Notre Guinée est la patrie du destin individuel intelligent et de la destinée collective stupide. Et ceux qui gouvernent et ceux qui aspirent à gouverner savent bien que tant qu’ils graissent une minorité, ils peuvent laisser la majorité rouiller. Ils sont tous habitués à régner en maître. Ce que font ceux dirigent aujourd’hui, c’est ce qu’ont fait ceux qui dirigeaient hier et c’est ce que feront ceux qui dirigeront, à en croire notre salope de vie.
Parce que nous sommes un peuple docile, résigné, prêt à l’écarter chaque fois qu’on nous l’ordonne. Même si c’est un peu groupe de prostitués qui nous le réclament. Les dirigeants savent qu’il suffit d’une poignée d’imbéciles pour nous soumettre. Et c’est à cette minorité qu’ils donneront le fouet pour nous flageller. Parce qu’évidemment c’est toujours plus facile de satisfaire un-e partenaire qu’une cohorte de nymphomane.
En regardant ceux qui sont dans le palais et ceux qui veulent le palais, on se rend compte qu’ils connaissent le palais. Et tous savent que c’est doux. Et quand c’est doux, c’est doux.
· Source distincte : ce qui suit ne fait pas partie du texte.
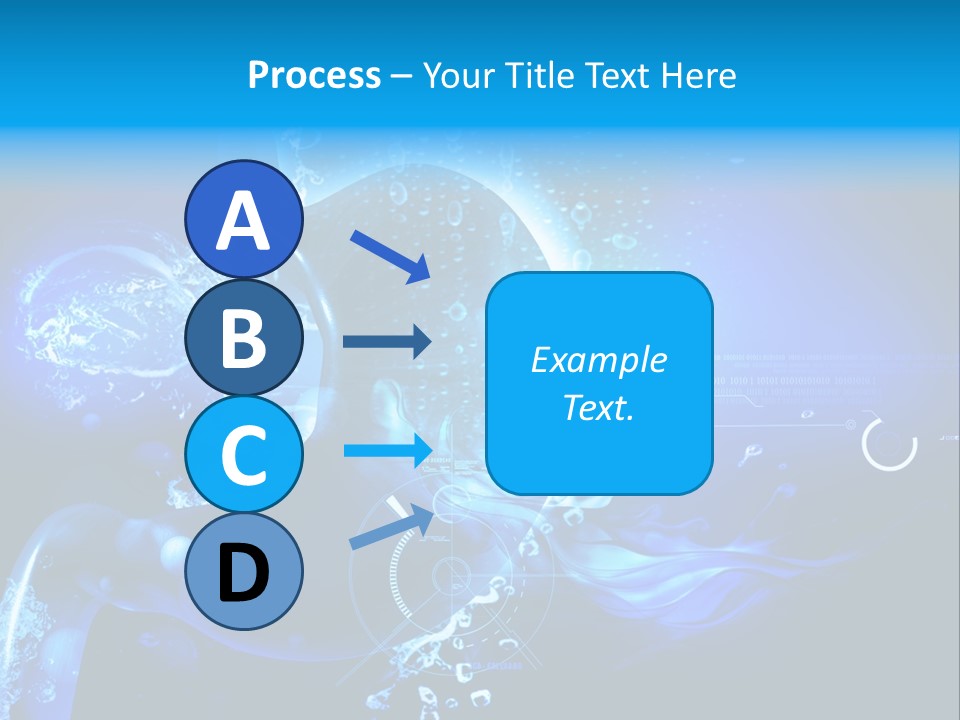 Hospital Cross Section Texture PowerPoint Template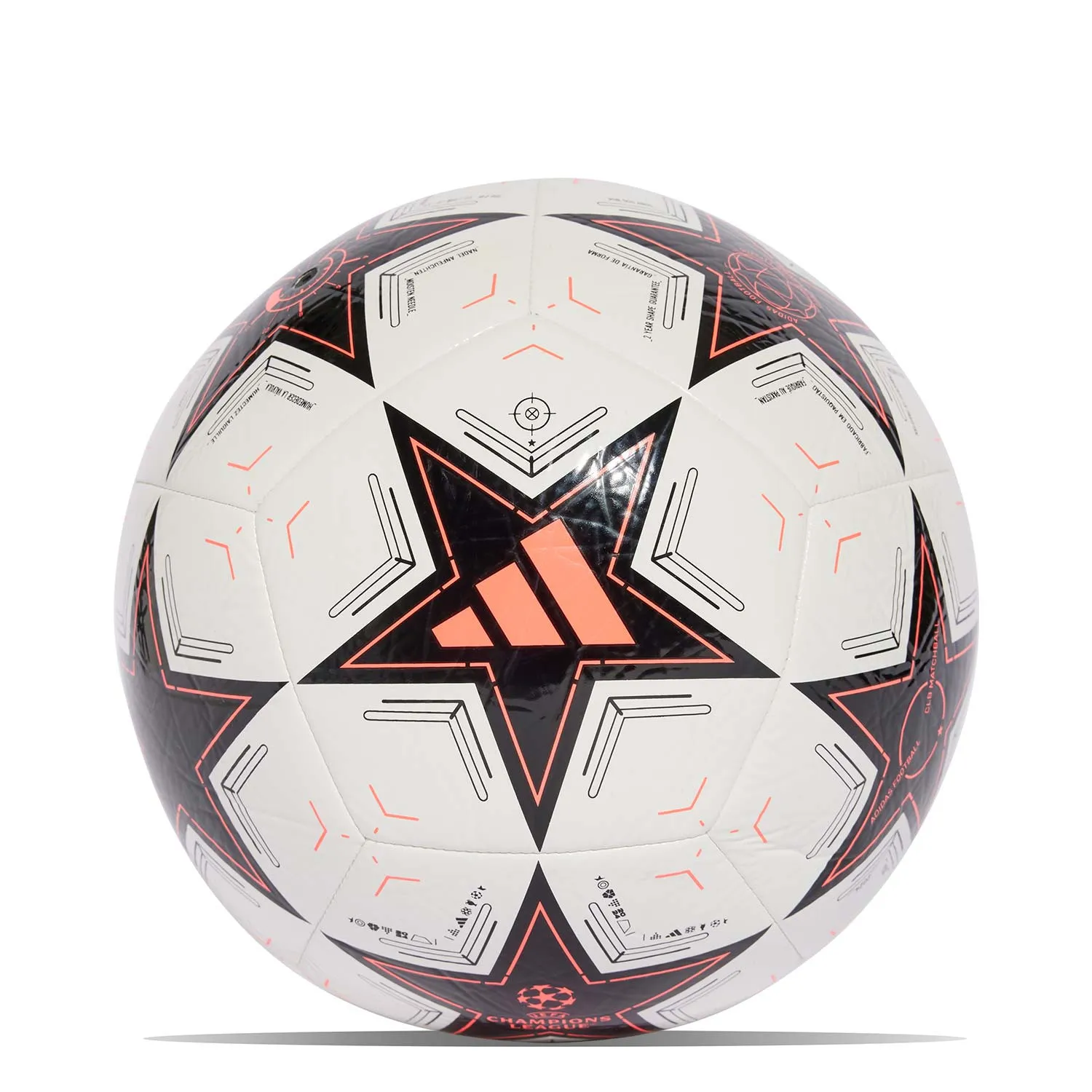 Balón adidas Champions League 2024 2025 Club talla 4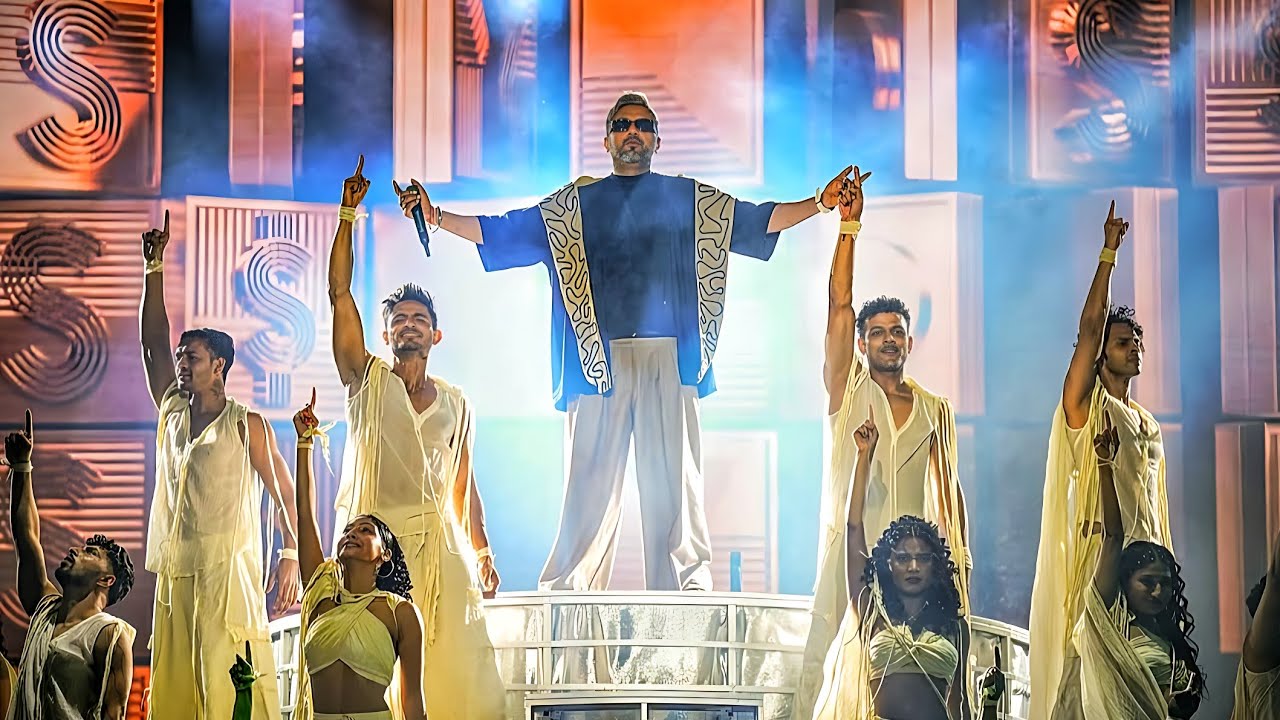 YO YO HONEY SINGH INDORE CONCERT 2025 🔥 GRAND ENTRY IN HELICOPTER 🤯🚁 MANIAC | MILLIONAIRE TOUR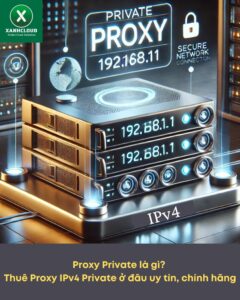 Proxy Private là gì Thuê Proxy IPv4 Private ở đâu uy tín, chính hãng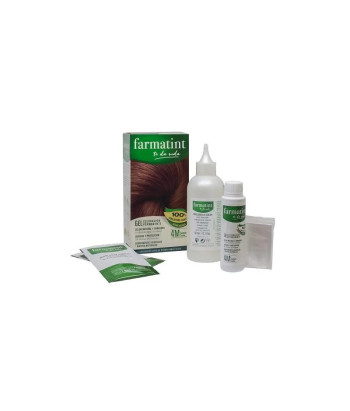 Coloration Cheveux: Farmatint 4m Acajou Marron Acajou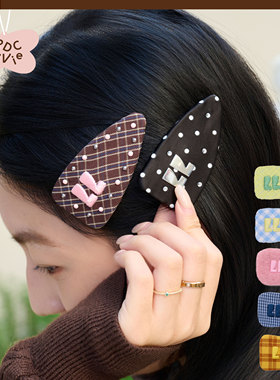 【李艺彤同款】RPDCLaVie「水波滴答」水滴发夹女发夹rpdc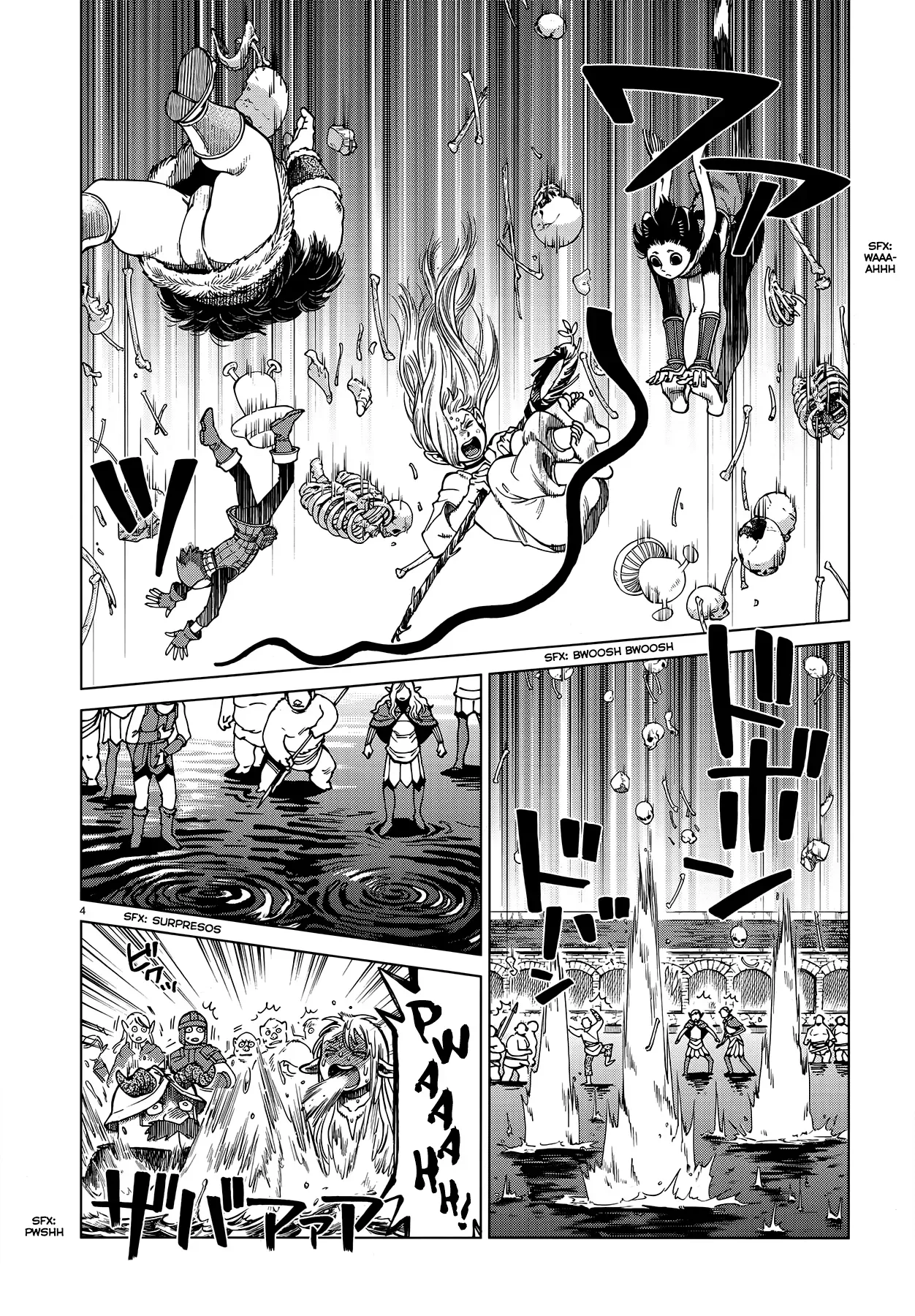 Read Dungeon Meshi PT Manga Online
On est prêt à tout pour rester dans le doux et prêt à tout pour revenir dans le doux, parce que quand c’est doux, c’est doux.
Y a pas de raison de faire goûter à quelqu’un qui se doute bien que c’est doux, parce qu’il se rendra compte que c’est vraiment doux et il s’incrustera, s’installera, se sédentarisera, parce que quand c’est doux, c’est doux… avec ou sans capotes.